# Overview

This notebook runs the setup for the agent. It guides you through the following steps:

1. **Schema and Volume Setup:** Creates a dedicated schema and volume for your data.
2. **Permissions:** Grants necessary permissions to all account users for collaborative access.
3. **Data Upload:** Uploads sample CSV files to the Databricks volume.
4. **Delta Table Creation:** Reads the uploaded CSV files and creates Delta tables, including enabling Change Data Feed for the `supplier_sops` table.
5. **Vector Search Endpoint:** Initializes and waits for a Databricks Vector Search endpoint.
6. **Index Creation:** Not in this notebook. Index will be created in `/uc_tools` during tool setup
By the end of this workflow, all the data dependencies for the agent are setup

In [0]:
%pip install -U -qqqq unitycatalog-ai[databricks] mlflow-skinny[databricks] langgraph==0.3.4 databricks-langchain databricks-agents python-dotenv uv
%restart_python

In [0]:
dbutils.widgets.removeAll()

In [0]:
# Create widgets in order to bind environment variables to the SQL session variables so they can be used in %sql cells
dbutils.widgets.text("TARGET_CATALOG", "workshop")
dbutils.widgets.text("TARGET_SCHEMA", "supply_chain")
dbutils.widgets.text("VS_INDEX_BASE_TABLE", "supplier_sops")
dbutils.widgets.text("VS_INDEX", "supplier_sops_vs_index")
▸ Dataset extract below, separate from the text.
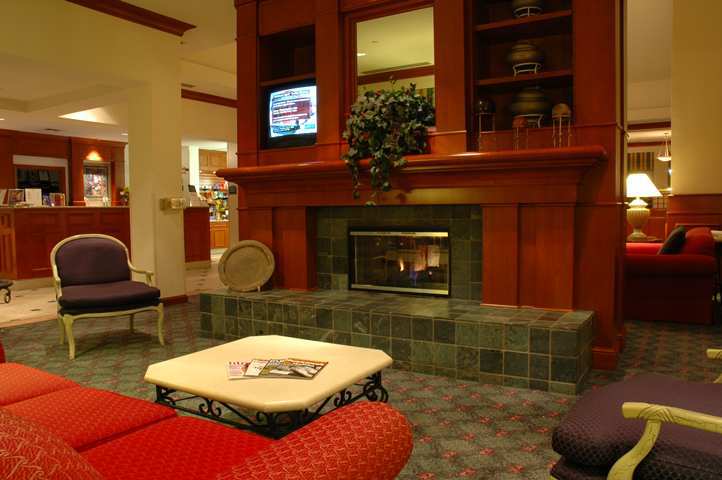 Hilton Garden Inn Oklahoma City Airport Εσωτερικό φωτογραφία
TARGET_CATALOG = dbutils.widgets.get("TARGET_CATALOG")
TARGET_SCHEMA = dbutils.widgets.get("TARGET_SCHEMA")
VS_INDEX_BASE_TABLE = dbutils.widgets.get("VS_INDEX_BASE_TABLE")
VS_INDEX = dbutils.widgets.get("VS_INDEX")
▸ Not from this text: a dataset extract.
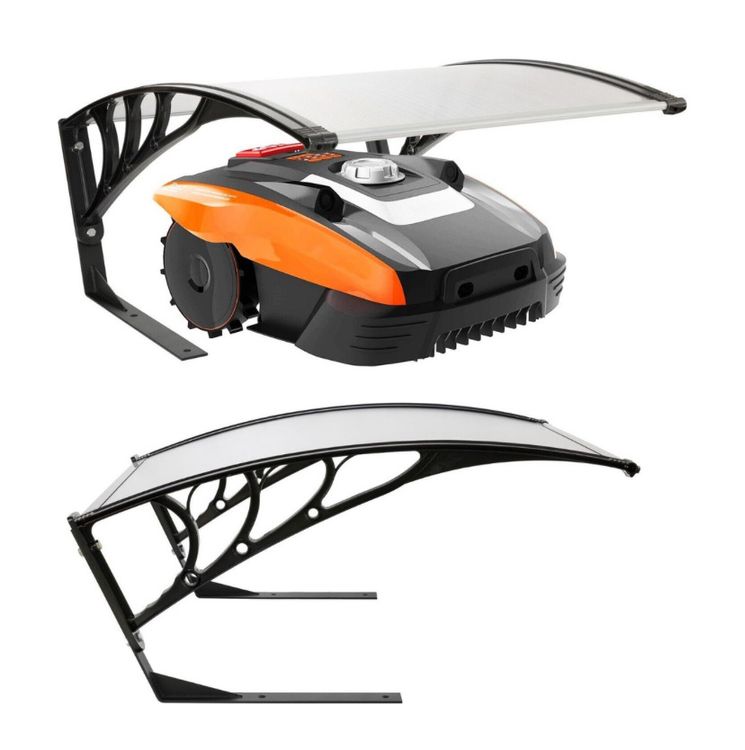 LawnMaster Mähroboter Garage 952641 - Wetterfest Für VBRM18 Serie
print(f"TARGET_CATALOG: {TARGET_CATALOG}")
print(f"TARGET_SCHEMA: {TARGET_SCHEMA}")
print(f"VS_INDEX_BASE_TABLE: {VS_INDEX_BASE_TABLE}")
print(f"VS_INDEX: {VS_INDEX}")

In [0]:
%sql

-- Depending on your Unity Catalog setup, you may need to create manually, if not uncomment and rerun
CREATE CATALOG IF NOT EXISTS IDENTIFIER(:TARGET_CATALOG);

CREATE SCHEMA IF NOT EXISTS IDENTIFIER(:TARGET_CATALOG || "." || :TARGET_SCHEMA);
CREATE VOLUME IF NOT EXISTS IDENTIFIER(:TARGET_CATALOG || "." || :TARGET_SCHEMA || ".data");
USE IDENTIFIER(:TARGET_CATALOG || "." || :TARGET_SCHEMA);

In [0]:
spark.sql(
    f"GRANT USE SCHEMA, SELECT, EXECUTE, READ VOLUME ON SCHEMA {TARGET_CATALOG}.{TARGET_SCHEMA} TO `account users`"
)

In [0]:
import os

DATA_PATH = os.getcwd() + '/data'  # current path of csv files
VOLUME_PATH = f"/Volumes/{TARGET_CATALOG}/{TARGET_SCHEMA}/data"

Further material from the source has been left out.